No findings were identified.

1R05 Fire Protection

Resident Inspector Quarterly Walkdowns (71111.05Q - 5 samples)

a. Inspection Scope

The inspectors conducted tours of the areas listed below to assess the material condition and operational status of fire protection features. The inspectors verified that LGS controlled combustible materials and ignition sources in accordance with administrative procedures. The inspectors verified that fire protection and suppression equipment was available for use as specified in the area pre-fire plan, and passive fire barriers were maintained in good material condition. The inspectors also verified that station personnel implemented compensatory measures for out of service, degraded, or inoperable fire protection equipment, as applicable, in accordance with procedures.

Fire Area 31, Unit 1 B and D RHR Heat Exchange and Pump Room on October 1, 2014 Fire Area 41, Unit 1, Reactor Enclosure Cooling Water Heat Exchanger Area Rooms on November 10, 2014 Fire Area 122, Spray Pond Pump Structure Western Half on November 13, 2014 Fire Area 123, Spray Pond Pump Structure Eastern Half on November 13, 2014 Fire Area 56, Unit 2, RCIC Pump Room on December 8, 2014

b. Findings

No findings were identified.

1R07 Heat Sink Performance

.1 Heat Sink Performance (711111.07A - 1 sample)

a. Inspection Scope

The inspectors reviewed the heat transfer testing results for Unit 1 A core spray pump room cooler 1E-V211 to determine its readiness and availability to perform its safety functions. The inspectors reviewed the design basis for the component and verified LGS commitments to NRC Generic Letter 89-13. This included a review of IR 1539675, Assignment 14, Heat Transfer Testing Scope and Frequency Reduction per Generic Letter 89-13 Commitments on December 18, 2014. The inspectors discussed the results of the most recent inspection with engineering staff. The inspectors verified that LGS initiated appropriate corrective actions for identified deficiencies. The inspectors also verified that the number of tubes plugged within the heat exchanger did not exceed the maximum amount allowed.

b. Findings

No findings were identified.

.2 Triennial Heat Sink and Heat Exchanger Sample Selection

a. Inspection Scope

Based on the Limerick Units 1 and 2 risk ranking of safety-related heat exchangers, past triennial heat sink inspections, recent operational experience, and resident inspector input, the inspectors selected six heat exchanger samples for inspection.

Unit 1 1A RHR Heat Exchanger 1A-E205 Unit 1 D12 Diesel Jacket Water Cooler 1B-E507 Unit 1 HPCI Turbine Lube Oil Cooler 10-E213 Unit 2 HPCI Turbine Lube Oil Cooler 20-E213 Units 1 & 2 B Control Enclosure-Chiller B OB-K112 Units 1 & 2 Ultimate Heat Sink Spray Pond For the samples selected, the inspectors reviewed program and system health reports, self-assessments, and LGS methods (inspection, cleaning, maintenance, and performance monitoring) used to ensure heat removal capabilities for the safety-related heat exchangers and compared them to LGS commitments made in response to generic letter 89-13, Service Water System Problems Affecting Safety-Related Equipment.

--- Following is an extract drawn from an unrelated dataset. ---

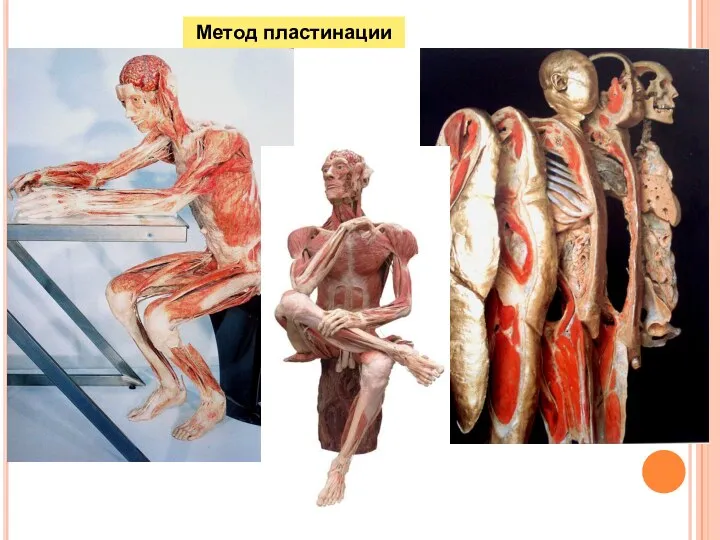 Метод пластинации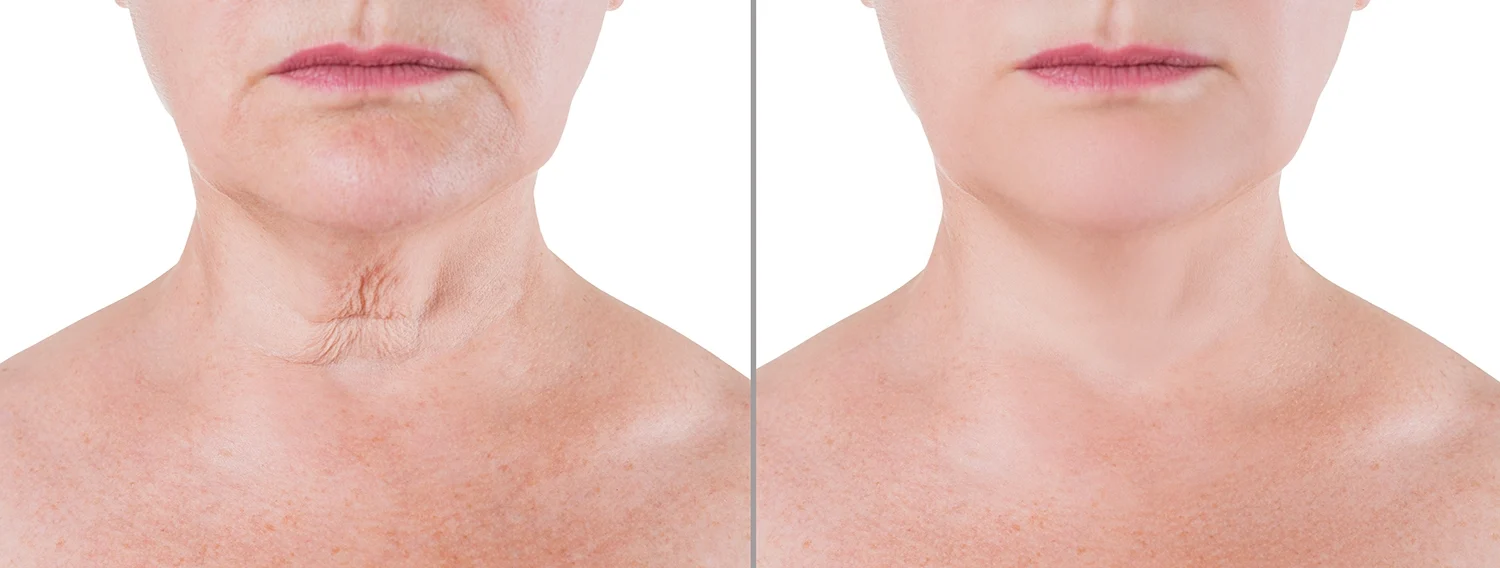 mini neck lift cost mini neck lift cost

The inspectors reviewed the results from the most recent inspection and cleaning and verified that the heat exchangers were being maintained within the acceptance criteria.

1A Residual Heat Removal Heat Exchanger The inspectors reviewed the programs and procedures for maintaining the safety functions of the Unit 1 RHR heat exchanger (1A-E205) which is directly cooled by service water (SW). The inspectors reviewed the results of the most recent cleaning, eddy current testing to verify tube integrity, and reviewed trending of tube plugging in the 1A heat exchanger (two tubes plugged with a limit of 54 tubes). The inspectors reviewed the results of these inspection activities and testing of tube integrity and reviewed engineering calculations verifying that tube plugging limits maintain the minimum required design flow requirements.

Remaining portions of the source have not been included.